Any help would be highly appreciated!
For the first one, you are given that $(B-2I)(B-I)= (B-I)(B-2I) = 0$. To show that $W$ is the direct sum of two subspaces, you first show that the two subspaces intersect only at $0$, then show that $W$ is the sum of both subspaces.
For the sum part, let $w \in W$. Then, we know that $w = (B-I)w - (B - 2I)w$. Note that the first term belongs to $\ker(B-2I)$ and the second to $\ker(B-I)$. Thus, certainly $W = \ker(B-2I) + \ker(B-I)$.
To see trivial intersection, note that $Bw-2w = 0$ and $Bw - w = 0$ imply $w = 0$ by subtraction. Hence, the sum above is direct.
It would not be right to use dimensions here, since $\dim W$ and the ranks of $B-I,B-2I$ are not known.

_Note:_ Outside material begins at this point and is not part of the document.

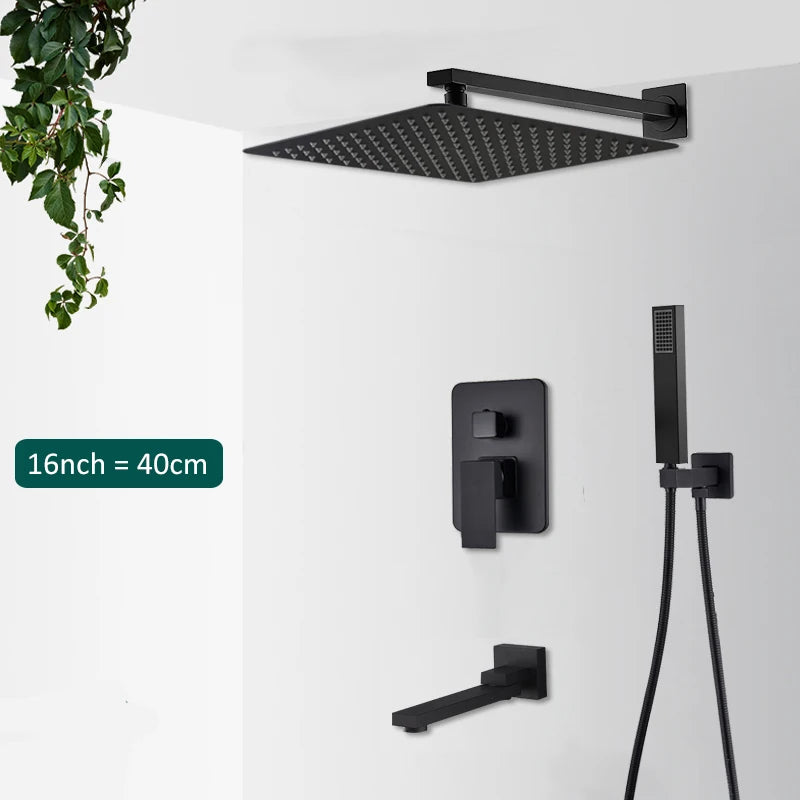 Sistema de ducha empotrado negro de 4 funciones con rociador efecto lluvia, ducha de mano y monomando para agua fría y caliente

An equivalent condition for diagonalizability of $F$ is that its minimal polynomial should have distinct roots. In this case, the minimal polynomial of $M$ over $\mathbb R$ certainly divides $P(x) = x^2 - 3x +2$, since $P(M) = 0$. Therefore, since $P(x)$ has distinct roots, we get that the minimal polynomial must also have distinct roots, and therefore that $M$ is diagonalizable. Note that this also implies the remark about algebraic and geometric multiplicity that you have made.